WASHINGTON — The Obama administration, which has proposed levying a tax on the largest banks as a way to pay for a broad mortgage refinancing plan, is now in talks with members of Congress about finding an alternative source of funding, Housing and Urban Development Secretary Shaun Donovan said Thursday.

The bank tax was labeled a non-starter on Capitol Hill as soon as President Obama announced the idea in his State of the Union address in January. Three months later, the administration has yet to introduce legislation that would implement the refinancing proposal.

But Donovan said at a Senate Banking Committee hearing Thursday that the administration is working on a bill with members of Congress — he didn't specify which ones — and he is hopeful that legislation will be introduced in the next few weeks.

In an interview after the hearing, Donovan told American Banker: "We're open to working with members on other potential ways to pay for this, and that is one of the issues that's in discussion right now among members."

The HUD secretary also stressed that the Obama administration still believes that a bank tax is an appropriate way to pay for the refinancing plan.

The White House proposal would allow homeowners whose mortgages are not backed by the federal government — and who have fallen outside the scope of previous government refinance initiatives — to take advantage of low interest rates by locking into a government-backed loan.

But the Obama plan looks like a tough sell in the House, where Republicans have dismissed it as an example of election-year politics.

With or without a bank tax, the proposal will be hard to enact largely because it would require the federal government to widen its footprint in the mortgage market at a time when many would like to see that presence shrink.

At Thursday's hearing, Donovan showed a pragmatic streak by also embracing a more limited refinancing bill that Democratic Sens.

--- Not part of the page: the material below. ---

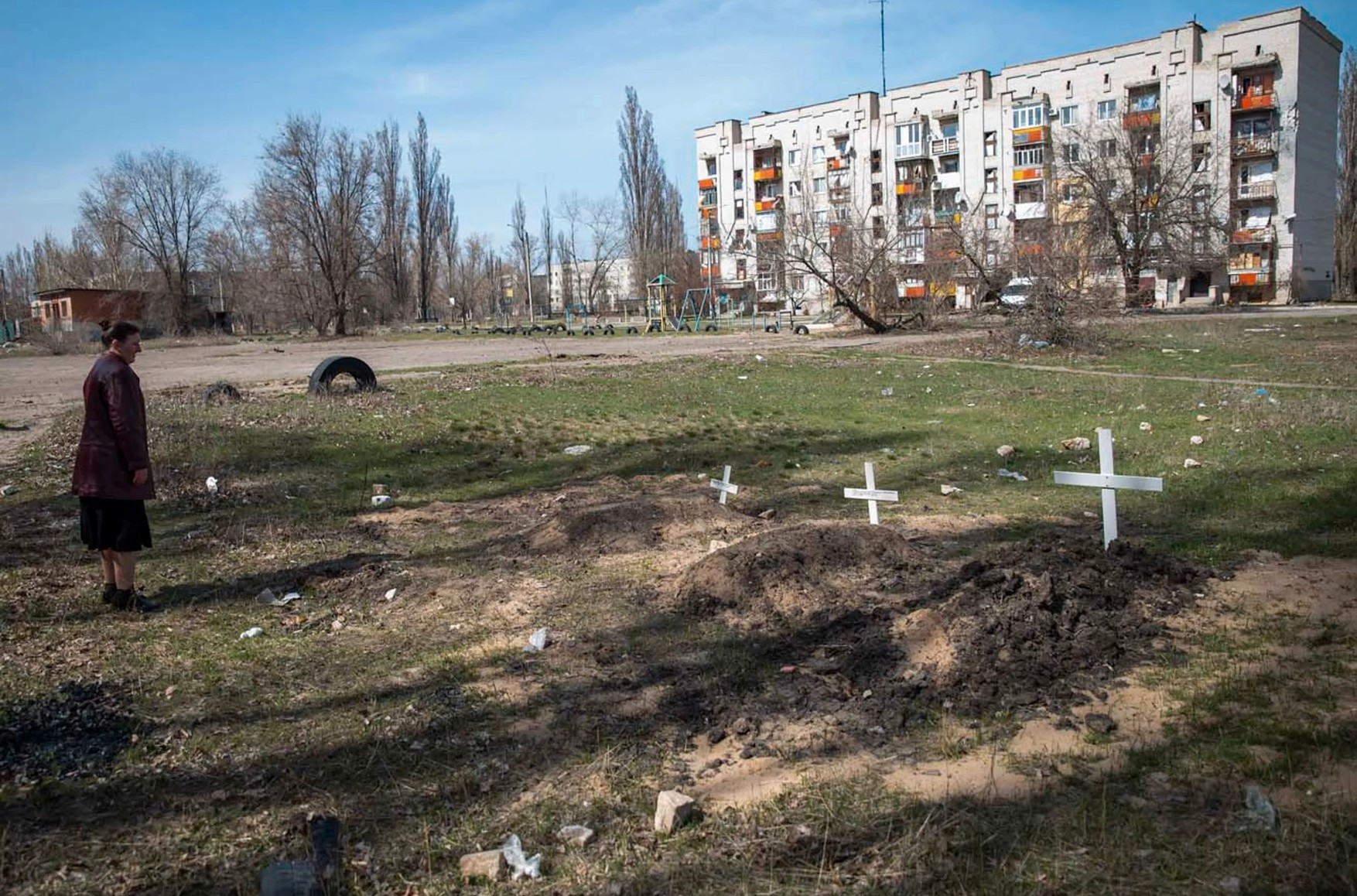 В Луганской области переполнены морги, хранить тела убитых приходится в подвалах — глава облгосадминистрации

Robert Menendez and Barbara Boxer are preparing to introduce.

That measure, which was the subject of a separate Senate hearing Wednesday, would only help homeowners who already have mortgages backed by Fannie Mae or Freddie Mac. It would not increase the federal government's credit risk on mortgages.

The bill aims to eliminate barriers that have prevented some of those borrowers from taking advantage of the existing refinancing program for Fannie and Freddie loans, known as the Home Affordable Refinance Program, or Harp.

Responding to questions from Menendez, Donovan said the New Jersey Democrat's legislation is one of most important steps that can be taken to help the housing market in the short term. He said that it will be particularly helpful for homeowners who still have equity in their homes but still face barriers to refinancing.

"So we think it is a critically important bill," Donovan said. "And we look forward to working with you to get it passed as soon as possible."

Under questioning from Republican Sen. Richard Shelby, Donovan downplayed any hope that the Obama administration will take significant steps in 2012 on reforming the nation's housing finance system.

In February, Treasury Secretary Timothy Geithner spoke of plans for more intensive talks with lawmakers to start developing legislation that will wind down and replace Fannie and Freddie. But even then, Geithner stated that he did not expect legislation this year.

Donovan on Thursday threw an even wetter blanket on hope of progress prior to the November elections.

"We do not at this point have a specific timetable nor legislation completed to submit to Congress," he said, though he did add that the administration is happy to discuss the issue with congressional Republicans.

"We are hopeful that there will be bipartisan action as soon as possible on that, but we do not have a specific proposal that we expect to be providing in the next few weeks."